Your task
Using the data below, reproduce exactly the lines from the line with "Sevierville Cabin with" to the line with "VINTAGE MCM 60s", both included; pictures must be dropped.

Short descriptive text snippets:
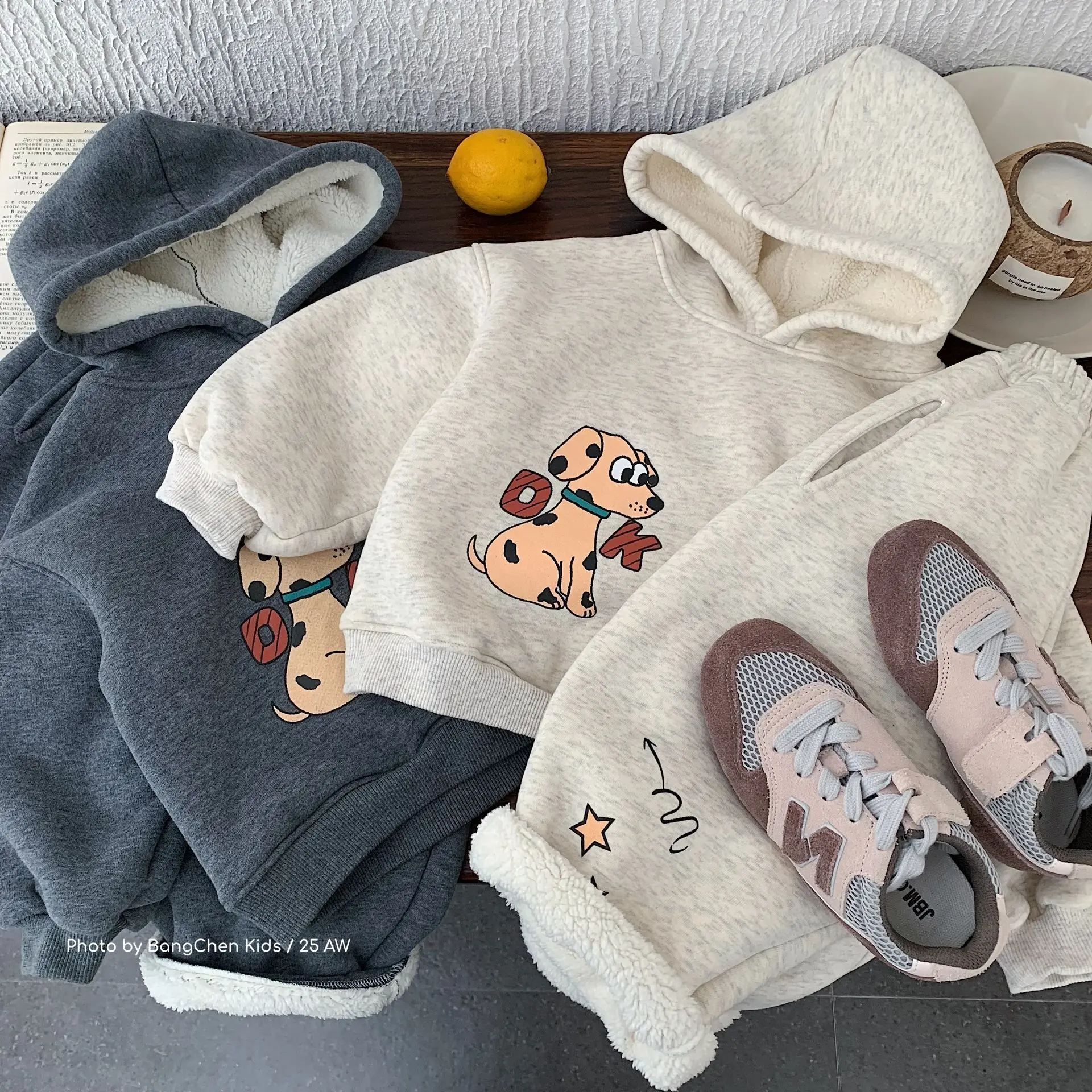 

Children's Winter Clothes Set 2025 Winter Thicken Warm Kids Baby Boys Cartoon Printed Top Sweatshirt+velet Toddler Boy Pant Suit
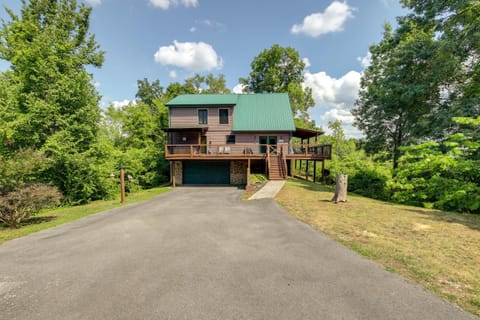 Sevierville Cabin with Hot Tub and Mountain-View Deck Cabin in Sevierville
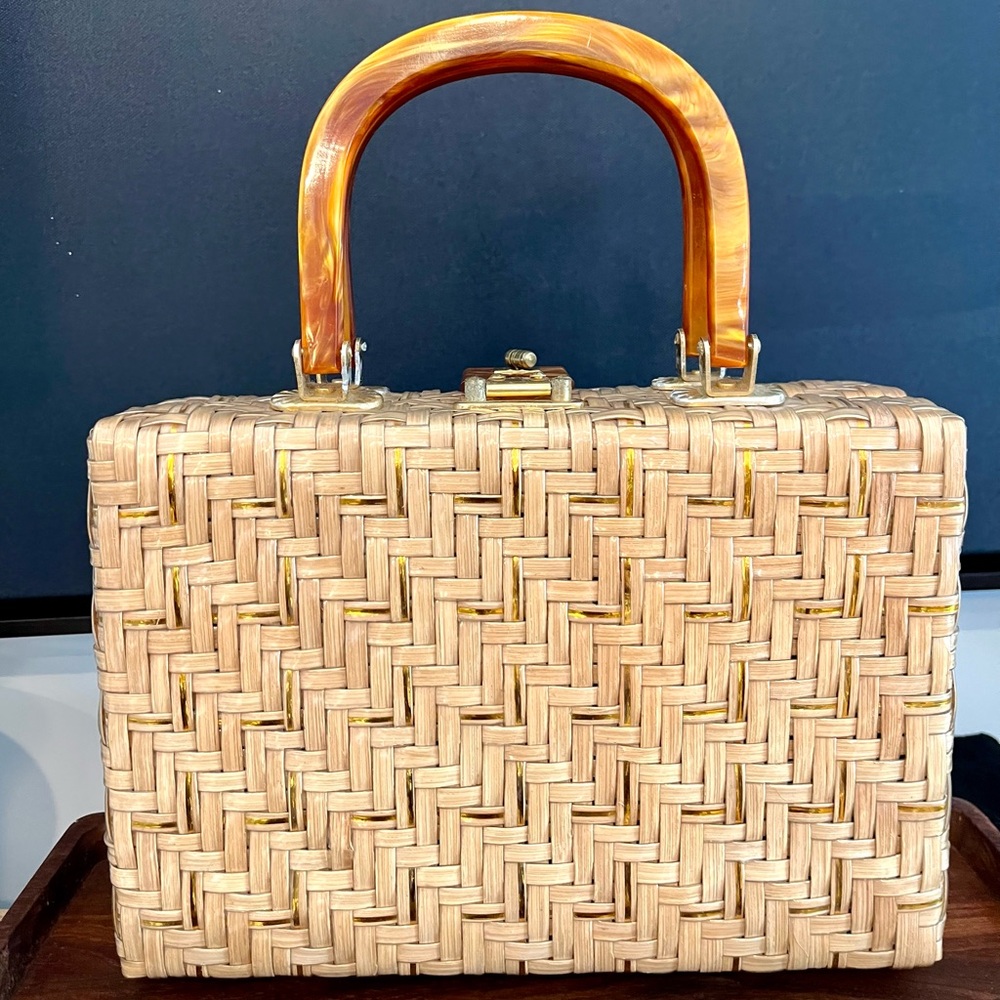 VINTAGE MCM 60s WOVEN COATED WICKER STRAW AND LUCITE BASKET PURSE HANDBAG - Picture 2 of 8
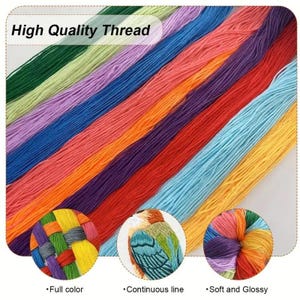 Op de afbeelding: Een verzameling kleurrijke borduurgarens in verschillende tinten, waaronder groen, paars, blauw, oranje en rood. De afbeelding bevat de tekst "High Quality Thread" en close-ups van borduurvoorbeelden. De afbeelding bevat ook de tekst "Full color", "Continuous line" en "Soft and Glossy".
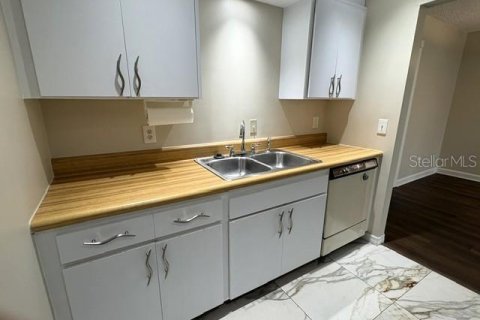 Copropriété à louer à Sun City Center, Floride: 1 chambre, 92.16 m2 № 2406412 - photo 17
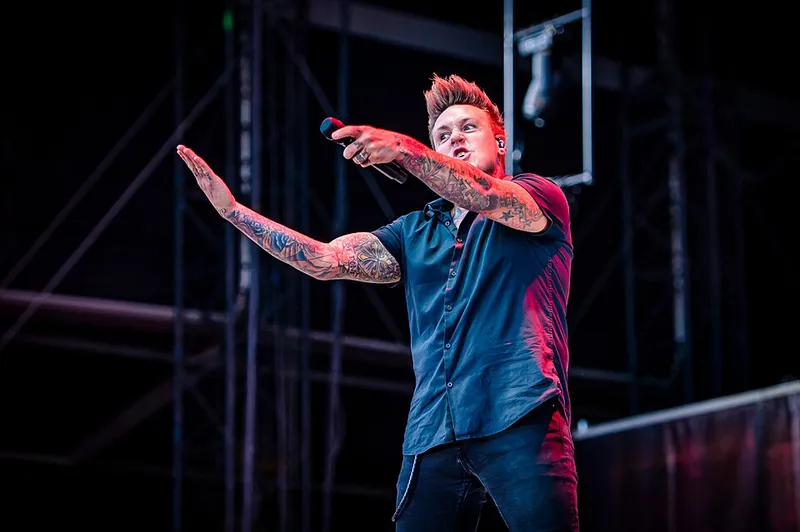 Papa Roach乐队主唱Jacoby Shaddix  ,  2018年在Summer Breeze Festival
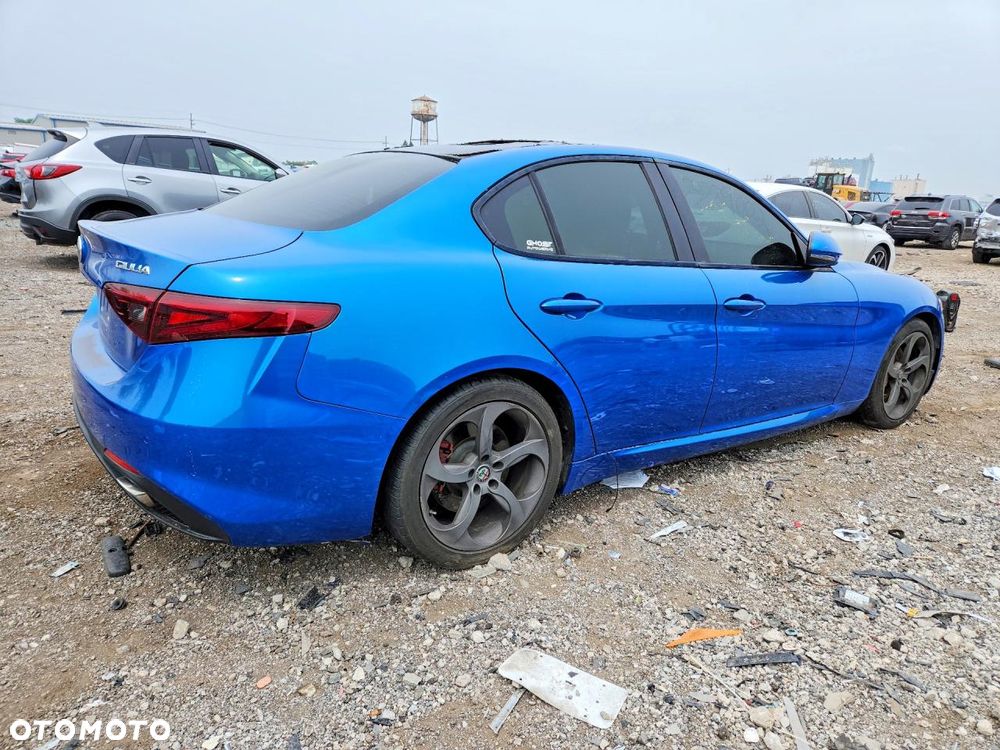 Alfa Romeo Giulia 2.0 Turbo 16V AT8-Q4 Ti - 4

Answer space
 Sevierville Cabin with Hot Tub and Mountain-View Deck Cabin in Sevierville
 VINTAGE MCM 60s WOVEN COATED WICKER STRAW AND LUCITE BASKET PURSE HANDBAG - Picture 2 of 8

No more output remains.